Suara.com - Raja Arab Saudi Abdullah pada Jumat (1/8/2014), akhirnya membuka suara atas kemelut tiga pekan di Gaza, dengan mengutuk kebungkaman antarbangsa terhadap gempuran Israel ke Jalur Gaza.
Dia menggambarkannya sebagai kejahatan perang dan terorisme yang dilakukan Israel terhadap warga Palestina.
Arab Saudi, yang menganggap diri sebagai pemimpin Muslim Sunni dunia, hanya memainkan peran belakang layar dalam diplomasi untuk mengembalikan ketenangan di Gaza dan gencatan senjata kepada Mesir, sebagai sekutu dekatnya.
"Kami melihat darah saudara kita di Palestina tertumpah dalam pembantaian besar, yang tidak menargetkan warga secara sembarangan dan kejahatan perang terhadap kemanusiaan," kata Abdullah dalam pidato singkat, yang dibacakan atas namanya di televisi.

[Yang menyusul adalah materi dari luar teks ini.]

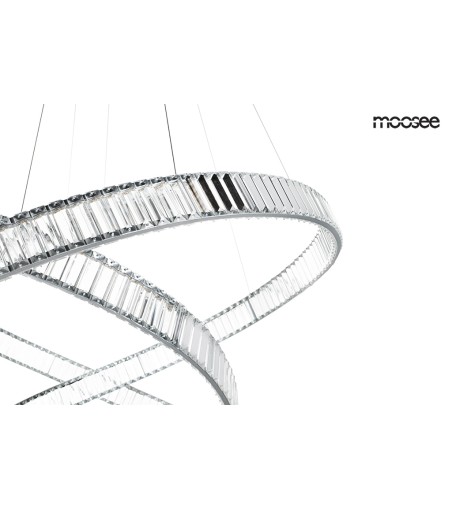 MOOSEE lampa wisząca WAVE 130 chrom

Pidatonya itu menyusul kecaman oleh beberapa warga Saudi di laman internet, termasuk ulama terkemuka, atas sikap diam Riyadh terhadap kemelut Gaza.
Kebijakan Kerajaan Saudi terhadap Gaza dipersulit oleh ketidakpercayaan terhadap Hamas, yang dianggap dekat dengan kelompok teror di Saudi.

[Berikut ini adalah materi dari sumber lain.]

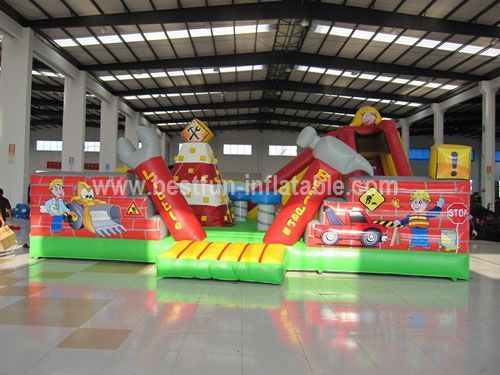 Little builder inflatable combo for amusement park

Abdulkhaleq Abdullah, pengulas politik di Keamiran Arab Bersatu, menyatakan pidato itu upaya membantah tuduhan bahwa Saudi -bersama sekutu, Mesir dan UAE- senang melihat Hamas melemah oleh serangan Israel, yang sebagian dipicu peningkatan tembakan roket Hamas dari Gaza ke Israel.
"Orang ingin melihat kedudukan lebih kuat dari ketiga negara itu," katanya.
Sejak serangan udara dan darat Israel dimulai pada 8 Juli, ungkapan kecaman Saudi atas kekerasan Israel, sebagian besar terbatas pada pernyataan sesudah sidang mingguan kabinet dan janji memberi bantuan kemanusiaan. (Reuters)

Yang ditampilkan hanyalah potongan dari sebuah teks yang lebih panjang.